Il teatro degli Champs-Elysées dista poco più di un chilometro dall’Hotel Salomon De Rothschild, il palazzo che ha ospitato la collezione invernale dell’haute couture di Valentino. Nel primo, precisamente alla stessa ora dello stesso giorno, il Tanztheater Wuppertal metteva in scena lo spettacolo Néfes della grande e scomparsa coreografa tedesca Pina Bausch mentre nel secondo Pierpaolo Piccoli orchestrava l’atto finale della sfilata che chiude la quattro giorno di alta moda a Parigi. I due mondi, molto più lontani del chilometro che li separa, hanno in realtà un punto in comune: lo spettacolo travolgente, emozionale e senza filtri che regala chi impara a coniugare ispirazione, movimento e modernità sotto l’estro della libertà d’espressione di sé.
La modella Adut Akech in Valentino Haute Couture
Con uno show che ha scatenato una standing ovation (l’unica vista nella kermesse della couture a Parigi), Piccioli ha compiuto sulla passerella della moda quello che Bausch ha fatto col balletto contemporaneo: le ha dato un’espressività e una forza così umane e simboliche da lasciare tutti senza fiato.
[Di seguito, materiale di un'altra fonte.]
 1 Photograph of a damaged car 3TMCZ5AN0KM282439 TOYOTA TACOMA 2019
Come la coreografa, ha stravolto i movimenti, le perfezioni e le impostazioni dell’alta moda classica pescando dalla sua memoria, dalla sua tradizione per poi portarle altrove, lontano, in un territorio libero e senza freni.
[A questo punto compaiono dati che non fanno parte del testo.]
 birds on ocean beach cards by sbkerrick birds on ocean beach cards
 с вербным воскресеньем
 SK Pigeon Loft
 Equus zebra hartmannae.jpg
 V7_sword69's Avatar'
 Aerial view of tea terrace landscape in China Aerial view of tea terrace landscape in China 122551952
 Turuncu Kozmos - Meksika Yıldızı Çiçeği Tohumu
Kaia Gerber in Valentino Haute Couture
Ogni look è puro teatro, come succede appunto con Pina Bausch: più che di abiti, si tratta di assoli, performance isolate senza un’ispirazione precisa, momenti di teatro che procedono in solitaria scrivendo capitoli diversi dentro un’unica storia. “Per la prima volta ho provato davvero a non pensare”, racconta Piccioli, “ho voluto procedere col cuore senza fissare un tema. Certo, ci sono la mitologia, il Rinascimento, il Settecento, i costumi di Piero Tosi, la Medea di Maria Callas e Pierpaolo Pasolini. Ma sono pezzi, memorie di un assembramento più ampio. A dire il vero, mi ha fatto molto pensare un video che abbiamo girato qualche mese fa in cui una nostra sarta ricordava di aver visto un abito fatto in atelier a una mostra al Victoria&Albert Museum di Londra. Disse che guardarlo era come vedere il padre che era scomparso proprio mentre lo realizzava, qualche anno prima. Ecco, io penso che la materia, soprattutto quella dell’alta moda ma più in generale di tutte le cose belle, assorba in qualche modo le emozioni e che queste in qualche modo la cambiano. La materia diventa così memoria e io mi sono sforzato proprio di ragionare in termini di memoria della couture e della bellezza, di come immaginiamo o ci ricordiamo della bellezza”.
Pierpaolo Piccioli
L’insieme dei circa sessanta look è esattamente così: un tributo alla bellezza della couture storica che non è didascalia o citazione, ma un punto di partenza che porta da tutt’altra parte. Il lavoro d’atelier è sbalorditivo: tutto è volume, delicatezza, colore, preziosità. È un teatro dove la tradizione incontra il glamour, l’invenzione la modernità. È come vedere gli insiemi di ballo di Pina Bausch, performance in cui un movimento qualunque, un gesto quotidiano diventano più potenti e più significativi di una pirouette o di un plié. Le pieghe trattenute, i plissé nascosti che diventano nuvole di seta, le cascate di paillettes color smeraldo, gli alveari di cashmere double, le decine di metri di satin che sembrano leggeri come una folata di vento, non hanno quindi la supponenza della sartoria ma l’inconsistenza dei sogni. Di più: trasformano l’eleganza in gesti naturali, in attitudine contemporanea. Ed è questo, forse, il grande pregio di Piccioli: aver ridato libertà al glamour e alla bellezza della couture senza lasciarla nel passato. Anzi: provando a scrivere nuovi capitoli e nuove direzioni per il suo significato.